DATA FOR THIS TASK:

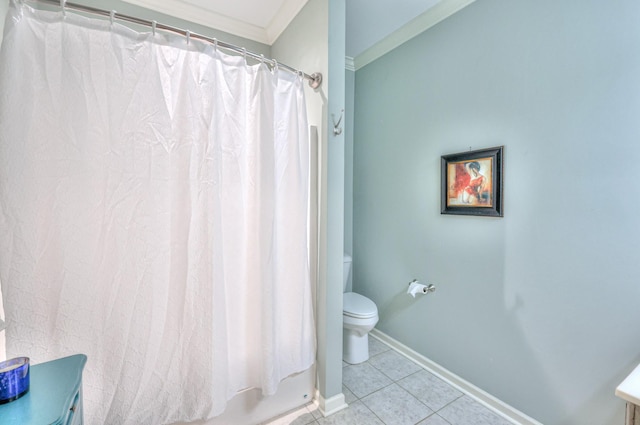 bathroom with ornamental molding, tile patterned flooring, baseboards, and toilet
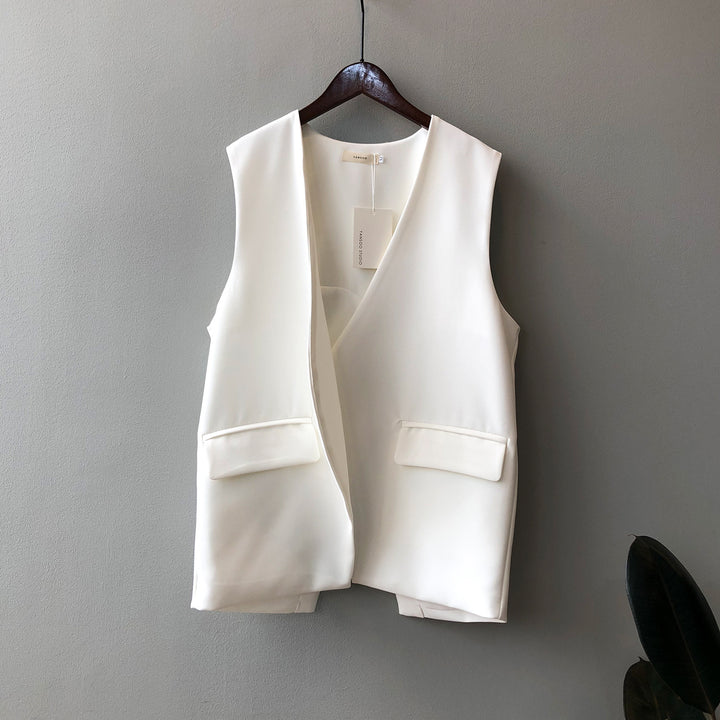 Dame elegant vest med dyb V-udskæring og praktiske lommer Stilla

---

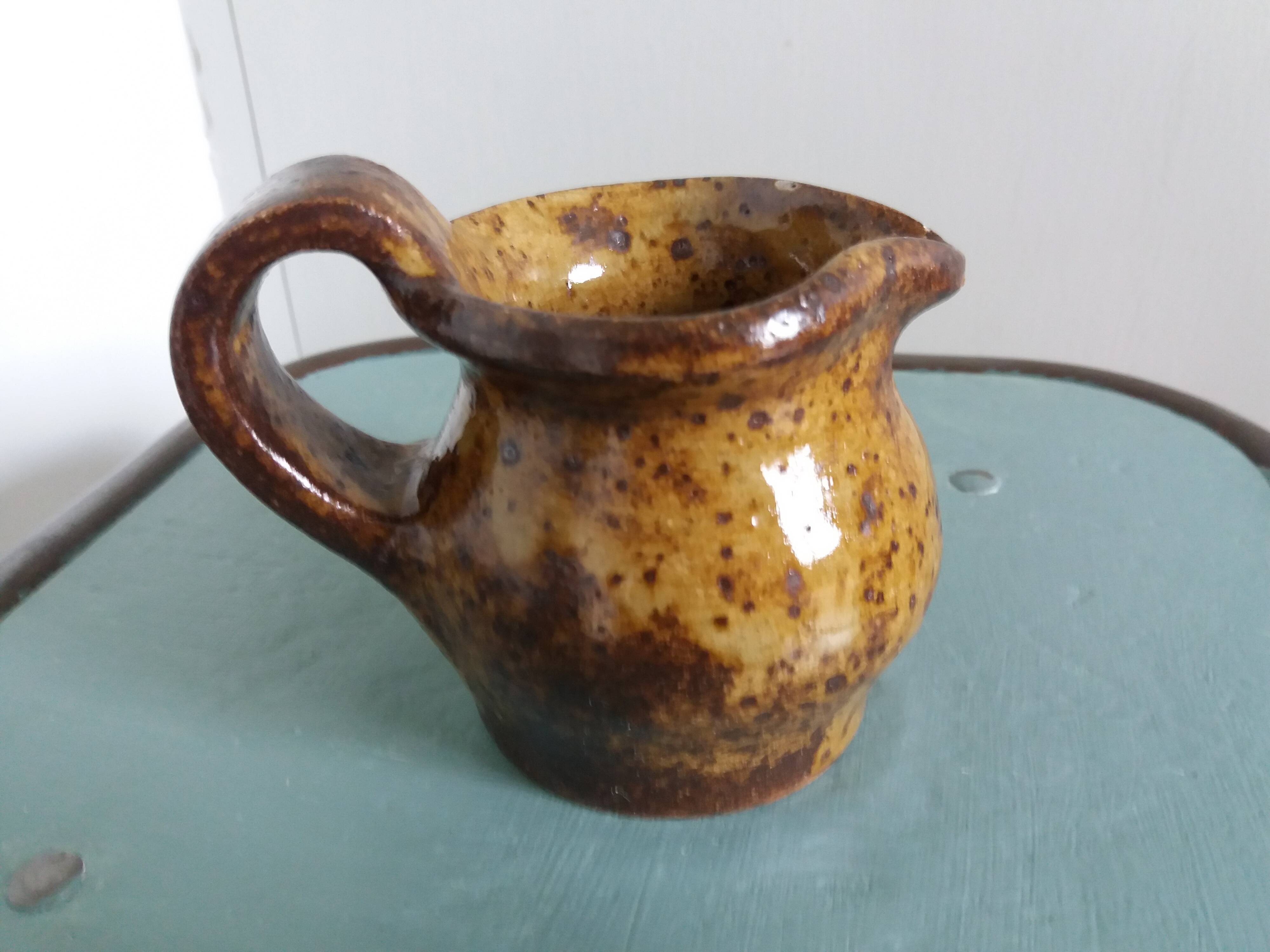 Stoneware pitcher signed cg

* * *

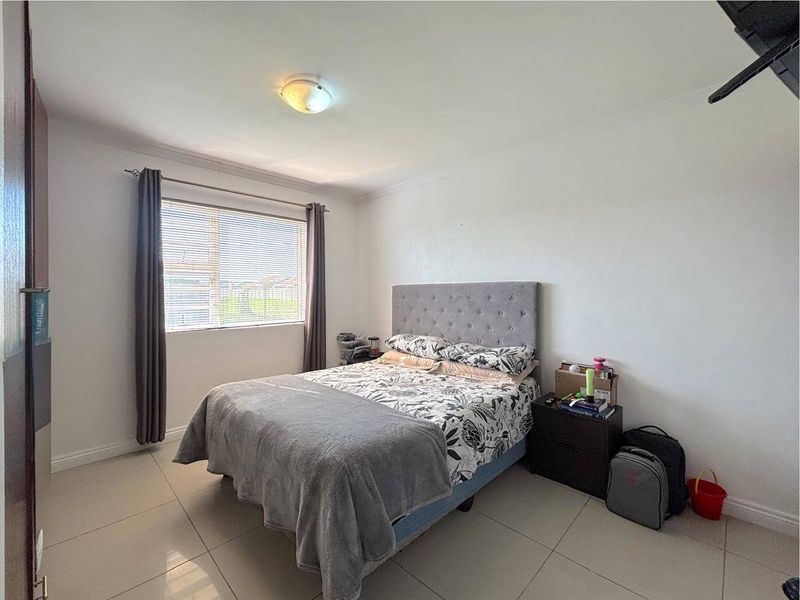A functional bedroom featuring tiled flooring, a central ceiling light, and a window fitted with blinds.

YOUR TASK: Using the data above, retype exactly and only the lines from the one containing "bathroom with ornamental" up to and including the one containing "Dame elegant vest", with no pictures carried over.

EXERCISE RESPONSE:
 bathroom with ornamental molding, tile patterned flooring, baseboards, and toilet
 Dame elegant vest med dyb V-udskæring og praktiske lommer Stilla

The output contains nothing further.